Appendix B


Inflation-protected bonds

Normally when people quote a bond yield they refer to the nominal yield. The nominal yield consists of the real yield plus inflation. (So if a bond offers a 2% yield then that simply means that you get £2 for a £100 bond; if you assume inflation at 1%, then the real yield would be 1%.) So as an investor, in most bonds you have an inflation risk on top of the interest rate risk. To address this inflation concern several governments have started issuing inflation-protected bonds where the buyer is promised a real return. The inflation-indexed bonds work by linking the principal to an inflation index like the consumer price index (in the US) or the retail price index (in the UK). As those indices go up with inflation, so does the amount you are owed by the government.

The market has grown explosively since the British government started issuing these bonds in 1981, but are still not nearly as widespread as the regular bonds: there are currently about $1.5 trillion outstanding compared to world government bonds of over $40 trillion. These bonds are an interesting development and provide investors with a way to avoid the inflation risk inherent in the bond markets, and I would recommend UK and US investors in particular to consider them.

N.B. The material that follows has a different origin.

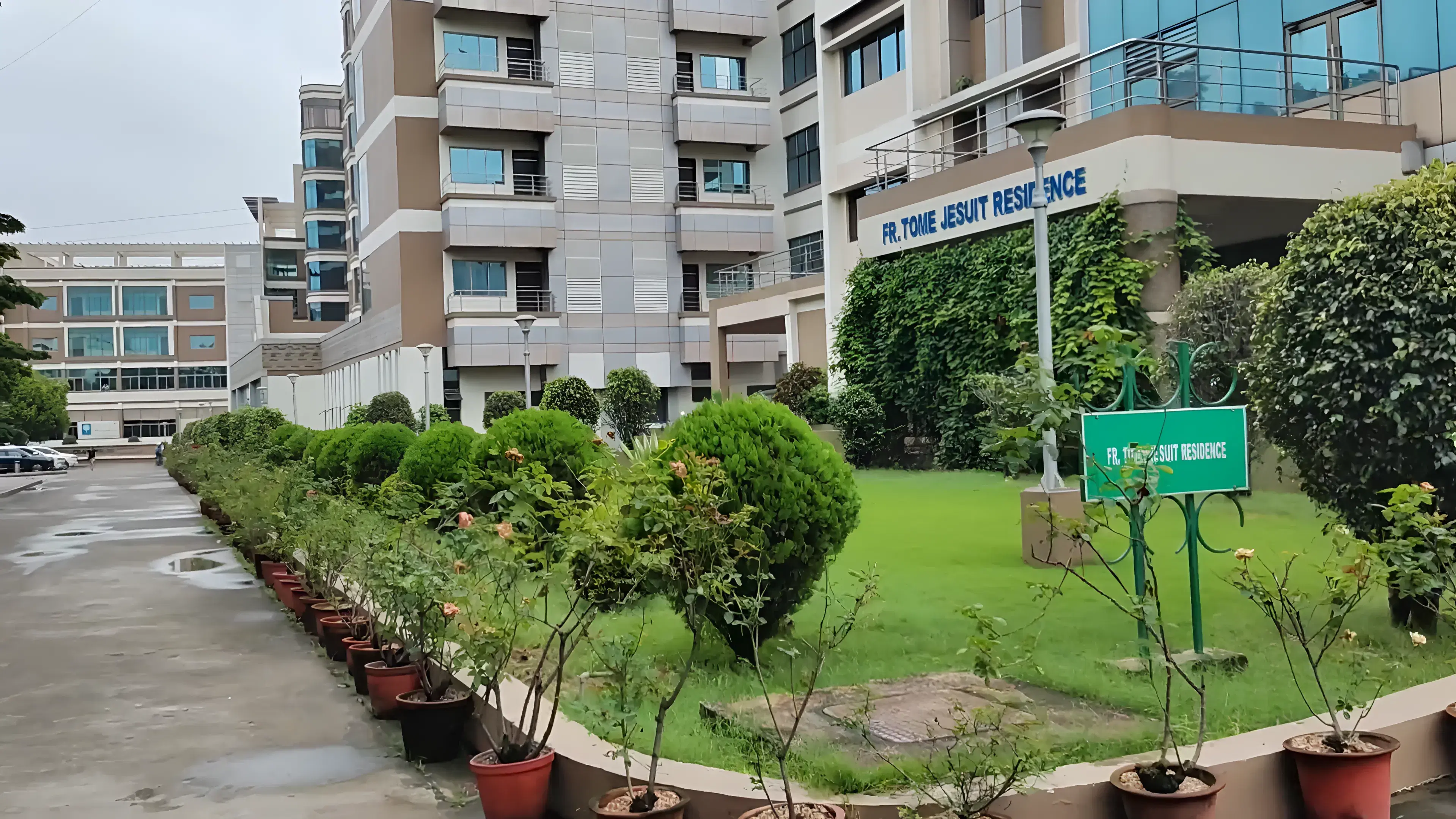 XLRI Jamshedpur academic infrastructure photo 9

The threat of inflation is a real concern for a lot of savers and these new bonds offer a good way to address that concern. While you still take an interest rate risk and should match maturities to your maturity profile, at least your inflation risk is mitigated.

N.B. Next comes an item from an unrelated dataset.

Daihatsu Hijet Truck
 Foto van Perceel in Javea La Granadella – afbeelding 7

In recent inflation-linked bond issues several issuers were able to issue bonds that had a negative real interest. Think about that. You lend someone money, potentially even for a very long time, and they promise to pay you back less than what you lent them in terms of what that money can buy. It may seem crazy, but that is the reality of the world we live in right now. This does not mean that these are not good bonds to own, just an illustration that interest rates are low now and the cost of owning a bond that will be extremely likely to repay you is high.